## Task data
........

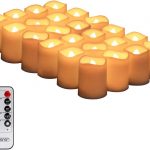 Bougies leds blanc chaud ambré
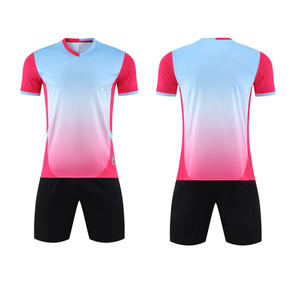 Best Selling High Quality Latest Designs 100% Polyester Breathable Team Adult Kids Soccer Wear Set Custom Soccer Uniforms - Product Image 5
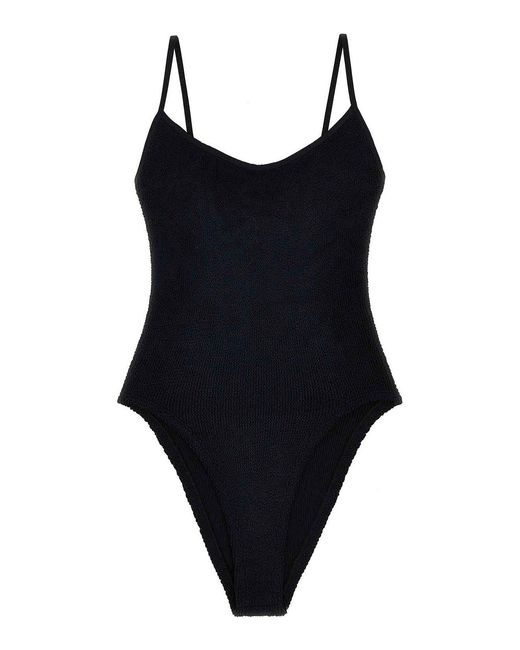 Hunza G Black 'Pamela Swim' One-Piece Swimsuit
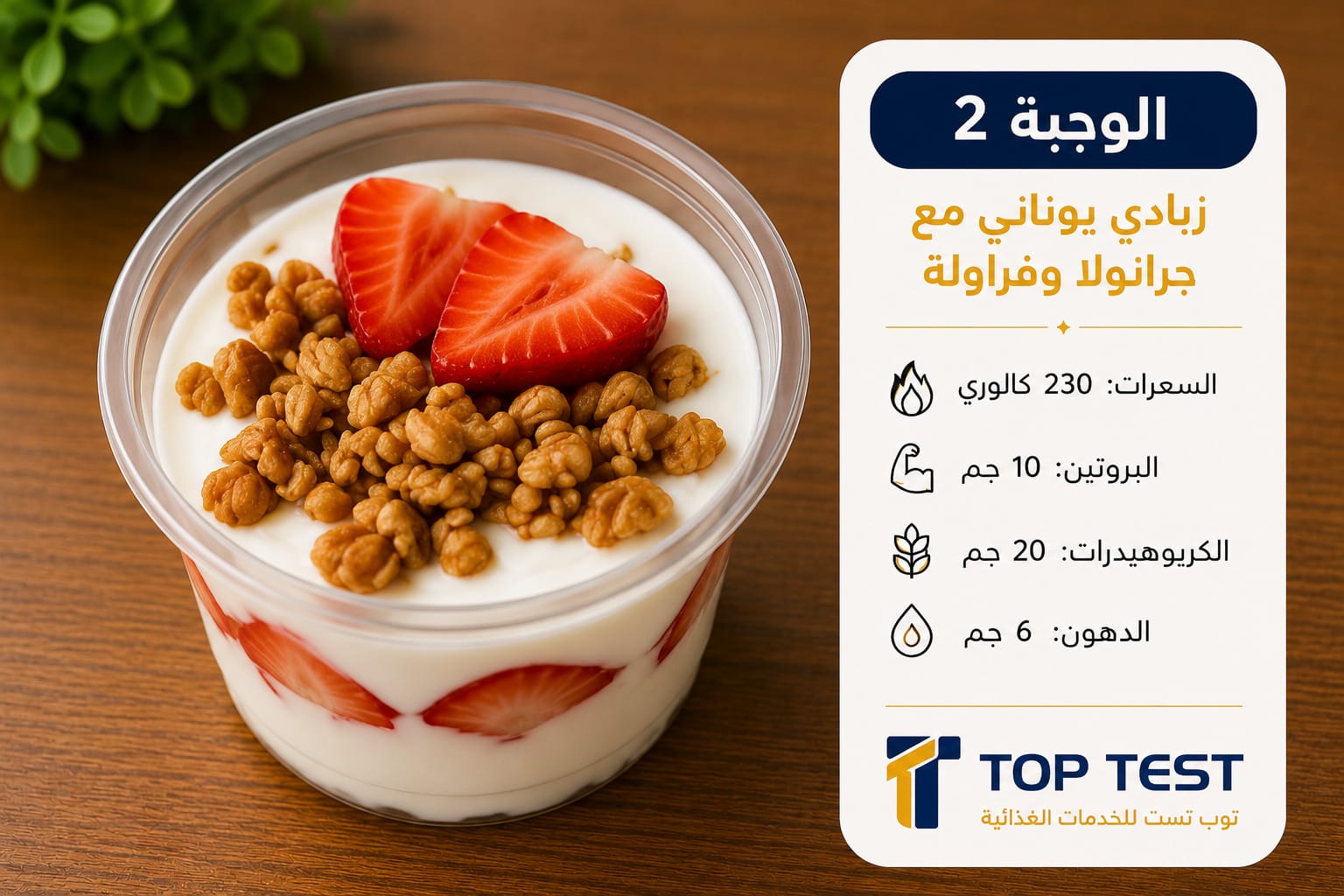 مكونات طازجة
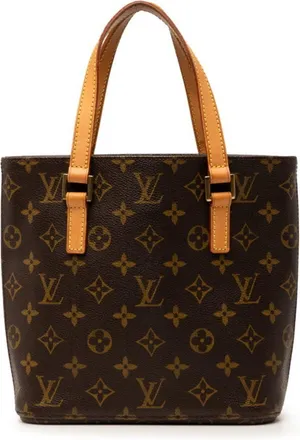 Louis Vuitton Brown Pvc Leather Handbag Tote Bag (Pre-Owned)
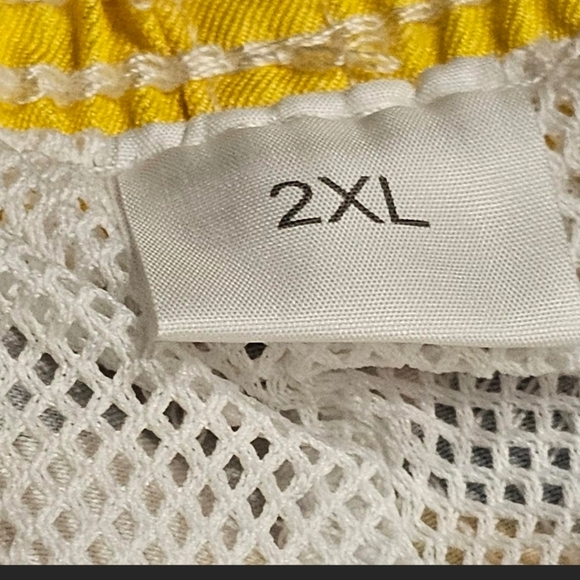 2XL CARTOON DUCK SHORTS/SWIM TRUNKS WITH WHITE MESH ON THE INSIDE. - Picture 6 of 7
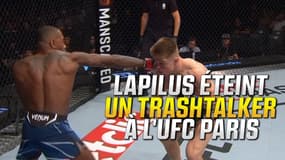 Résumé UFC Paris : Le retour héroïque de Lapilus devant un Bercy acquis à sa cause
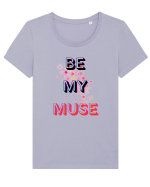 Muza  Tricou mânecă scurtă guler larg fitted Damă Expresser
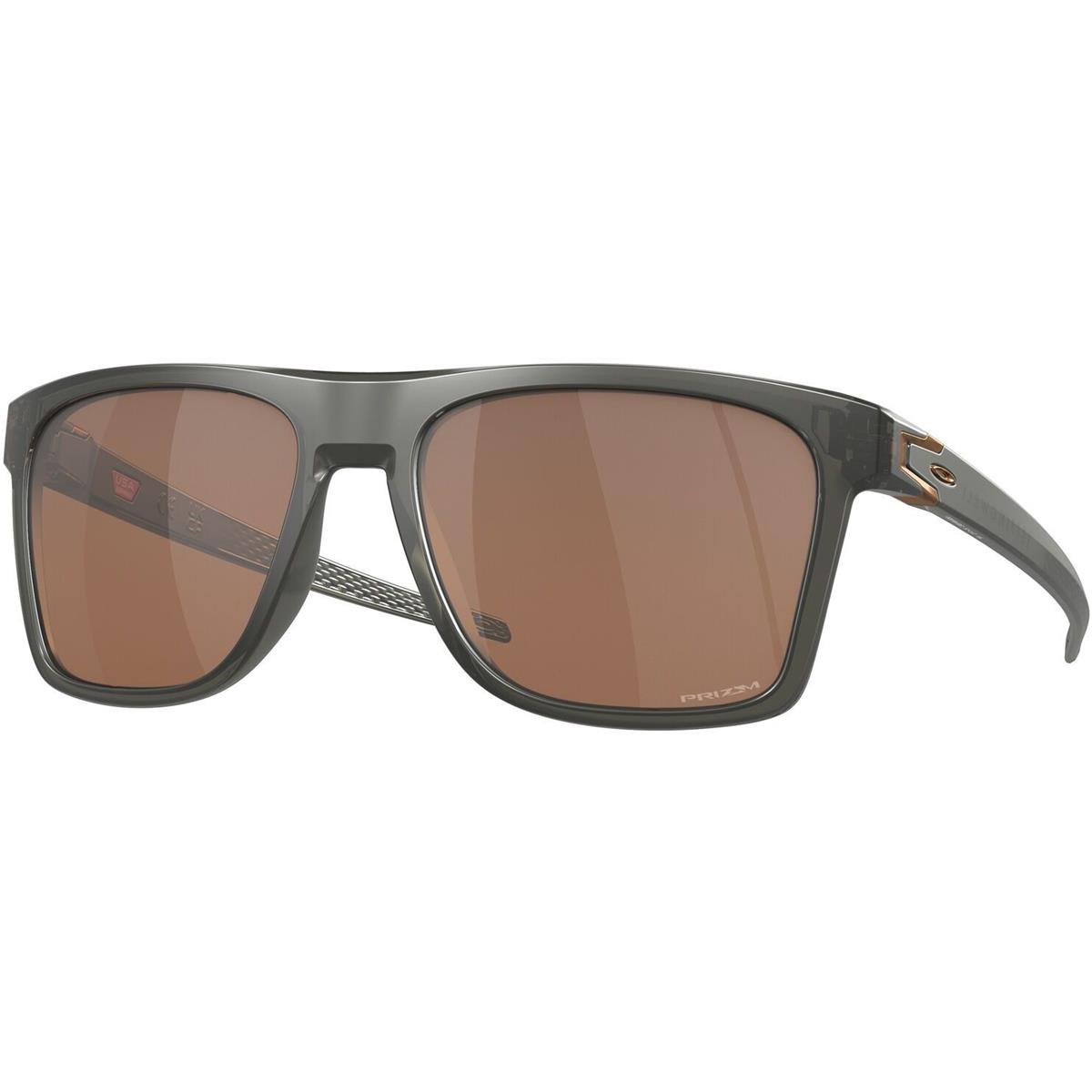 Oakley Sunglasses Leffingwell Matte Gray Smoke/Prizm Tungsten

........

## Exercise details
All of the entries above need to be repeated exactly, minus the pictures.

## Worked solution
 Bougies leds blanc chaud ambré
 Best Selling High Quality Latest Designs 100% Polyester Breathable Team Adult Kids Soccer Wear Set Custom Soccer Uniforms - Product Image 5
 Hunza G Black 'Pamela Swim' One-Piece Swimsuit
 مكونات طازجة
 Louis Vuitton Brown Pvc Leather Handbag Tote Bag (Pre-Owned)
 2XL CARTOON DUCK SHORTS/SWIM TRUNKS WITH WHITE MESH ON THE INSIDE. - Picture 6 of 7
 Résumé UFC Paris : Le retour héroïque de Lapilus devant un Bercy acquis à sa cause
 Muza  Tricou mânecă scurtă guler larg fitted Damă Expresser
 Oakley Sunglasses Leffingwell Matte Gray Smoke/Prizm Tungsten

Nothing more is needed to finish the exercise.